El segundo libro es menos apocalíptico. El euro y la batalla de ideas, del economista Markus Brunnermeier y el historiador Harold James, ambos de Princeton, y Jean-Pierre Landau, politólogo de la Sciences Po de Francia, presentan la crisis europea como una batalla entre dos teorías muy diferentes sobre el funcionamiento de las economías: una alemana basada en la responsabilidad y la creencia en los mercados libres contra un modelo francés basado en la solidaridad y en la idea de que los mercados deben gestionarse.

Más completo que El euro, el libro es de lectura difícil, ya que combina una explicación densa de la macroeconomía con una historia de las ideas bastante más animada. Pero sí saca a relucir los matices de la crisis, que no es tan clara como sugiere Stiglitz, y demuestra (con cierta ironía) que Francia y Alemania han intercambiado filosofías a menudo. Antes de la Segunda Guerra Mundial, por ejemplo, Francia era el país que insistía en la rendición de cuentas, las fuerzas del mercado y el cumplimiento del patrón oro, mientras que Alemania estaba a favor de una economía gestionada.

Para Brunnermeier y otros, el problema subyacente de Europa es que los responsables políticos de ambos lados de la brecha ideológica están entablando un diálogo de sordos. En lugar de resolver sus diferencias, las amortiguan con concesiones con la esperanza de que la recuperación económica saque a todos. Dada la creciente improbabilidad de que se produzca ese escenario, los autores piden una mayor comprensión entre los dos bandos. Creen que cada nueva crisis puede prompt a small step towards greater integration —la evolución del Banco Central Europeo, ahora la principal institución de la UE, es un ejemplo— y, a medida que la integración se profundice, el flujo aparentemente interminable de crisis disminuirá. En pocas palabras: Europa saldrá adelante.
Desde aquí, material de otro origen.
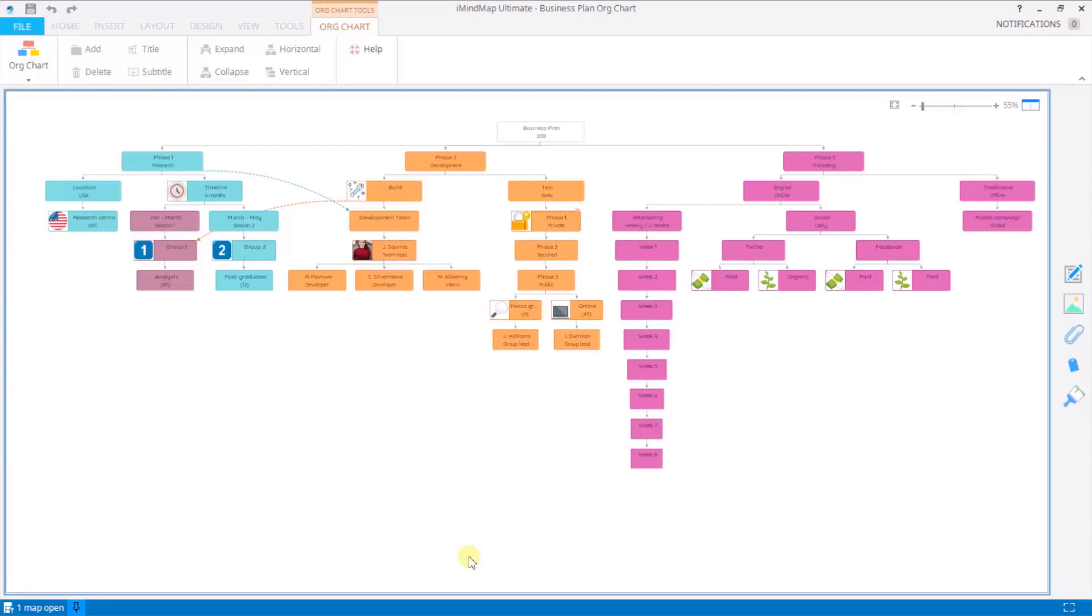Hopefully this tutorial has given you the skills you need to get started and get the most out of org chart view. Head over to our YouTube channel now for more iMindMap tutorials.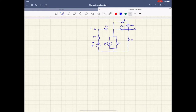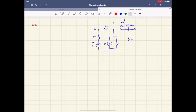Hello everyone. In this video, I'm going to go over an example for Thevenin and Norton equivalent circuits. In the last video, I talked about the Thevenin and Norton theorem and we drew the Thevenin and Norton equivalent circuit. So right now we're going to do this example. This is the circuit that we have, and they asked us to go ahead and draw the Thevenin equivalent circuit at points A and B.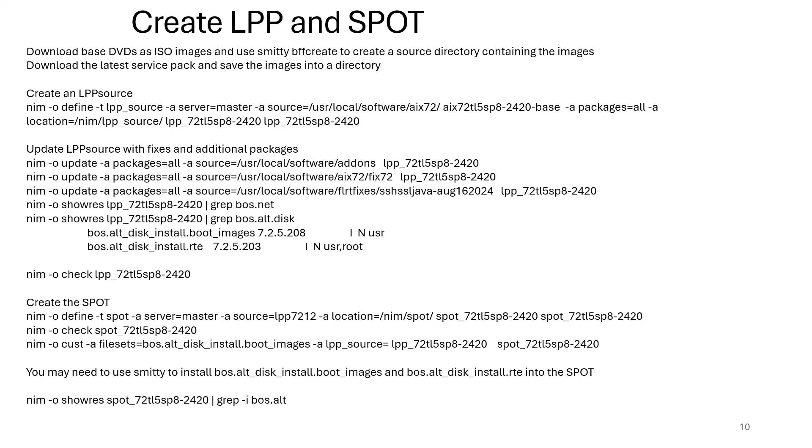The same process applies to creating a SPOT. Define the SPOT with the lpp_source as its source — it creates the SPOT under /nim/spot. I then check it, and quite often the SPOT doesn't end up with bos.alt.disk.install.boot.images in it, so I may have to do a nim -o cust to install that from the lpp_source. Then I run nim -o show_res to confirm it exists in the SPOT.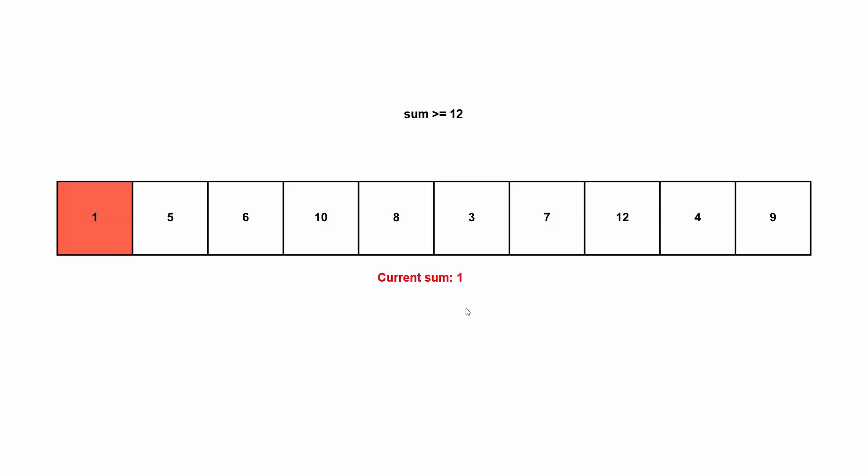Here we're trying to find the smallest length subarray that fills a condition, and that condition in this case is that the sum of the values in the subarray must be greater than or equal to 12. And we're going to use the sliding window technique.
Los periodistas británicos Larry Elliott y Dan Atkinson, autores del tercer libro y el más legible, Europa no funciona, no estoy de acuerdo. Presentan un diagnóstico y un pronóstico sombrío similares a los de Stiglitz, pero solo ofrecen un breve análisis de las formas de avanzar. Al final, parece que están a favor de volver a las monedas nacionales, ya que sería más fácil de implementar. Aun así, su libro ofrece una visión útil de por qué tanta gente pensó que el euro era una buena idea en primer lugar: a los ojos de muchos políticos, los mercados financieros son poco más que casinos, donde los tipos turbios ganan dinero a expensas de los trabajadores. Abolir las monedas separadas y abolir la especulación, haciendo del mundo un lugar mejor. En el año 2000 era fácil de vender y parecía moderno. La integración equivalía al progreso social; los que estaban en contra estaban en el lado equivocado de la historia.

Y esa historia de origen explica por qué «Europa no funciona». La moneda única fue una iniciativa política, no económica, un intento de dar un empujón a la historia, como dijo Lenin hace un siglo. Lamentablemente, como se dieron cuenta los sucesores de Lenin y como aprenderán los directores del Proyecto Europa, a la historia no le gusta que lo empujan.